You probably wonder how I know about some of the stuff I write about in the column. Do I get info like a dirty cop in a James Ellroy novel, by walking into the Rocket Bar and braining some useless chump with my piece so I can make the rat spill guts on the local music scene?
Well, yeah, sometimes. Music scenesters are a surly bunch. Other times stuff just comes in the mail, which is how I found out that a fantastic new record label had sprung up under my nose. Andy Benn, founder of First Flight (as well as a member of one of the label's flagships, the Potomac Accord), sent me a big package of their releases, and I was blown away. Not to dis any of the Lou's stalwart record labels like F5 or Undertow, but I've never gotten a mailing from any label that had as many quality releases as Benn's envelope. So, leather sap in hand in case he wouldn't sing, I met Benn at Blueberry Hill to find out how he'd kept a low profile for so long.
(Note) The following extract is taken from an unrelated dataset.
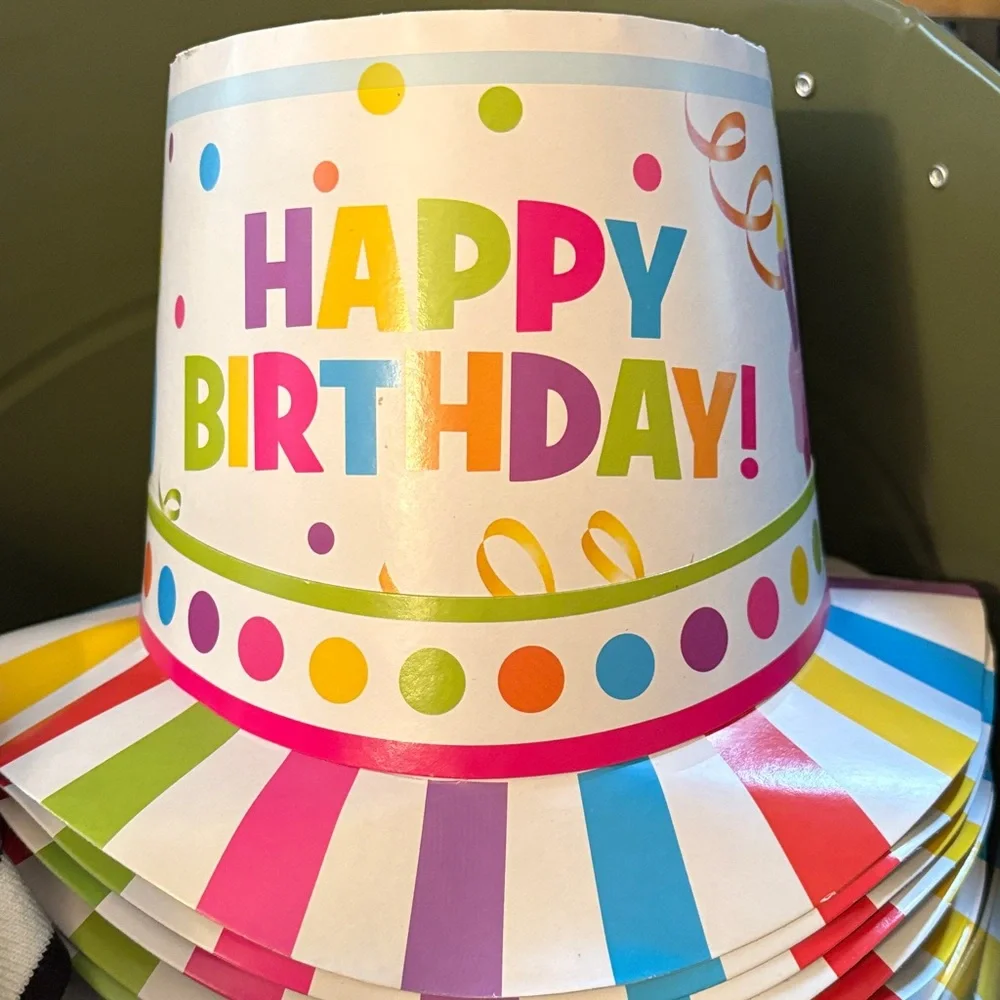 Colorful Happy Birthday Party Hat 6ct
"I don't want to stuff [the music] under people's noses," explains Benn. "I want people to discover it on their own."
Well, within reason, of course: The mailing to me, along with an ad in the current issue of music-snob mag Magnet is probably as close to a major media campaign as First Flight is going to get.
"I hate driving down the road and seeing a billboard, much less a billboard for an album," says Benn. He prefers to put the effort into the music. (And the packaging, which is also above the norm.)
"Most bands are probably together three to five years at the most," Benn explains. "And during that time they're lucky to put out two or three records. That's your one, two or three chances to put out a representation of your music and yourself artistically for the rest of your life. So why not try to get the best recording you can, as well as put together packaging that hopefully makes a statement about what you're trying to do musically?"
Asked to define the type of music the label puts out, Benn says, "I think of it as just rock music." But he's wrong. While the bands on the label couldn't be stuffed into any genre more specific than "indie," there's a definite vibe to the First Flight sound: Even at its craziest, the music holds onto melody. And make no mistake: If you're a three-chord-garage adherent and think instrumentals are wanky, you can just ignore this whole column. Aside from the sonorous, ponderous music of the Accord, First Flight has also released EPs or LPs by Nashville's Maserati-esque melodic instrumental band Emery Reel, Portland's noisy but beautiful Invisible and San Francisco's off-kilter acoustic pop songstress Anamude. First Flight is also getting ready to release a vinyl edition of Kansas City's namelessnumberheadman's Your Voice Repeating, a slow-flowing and lovely album.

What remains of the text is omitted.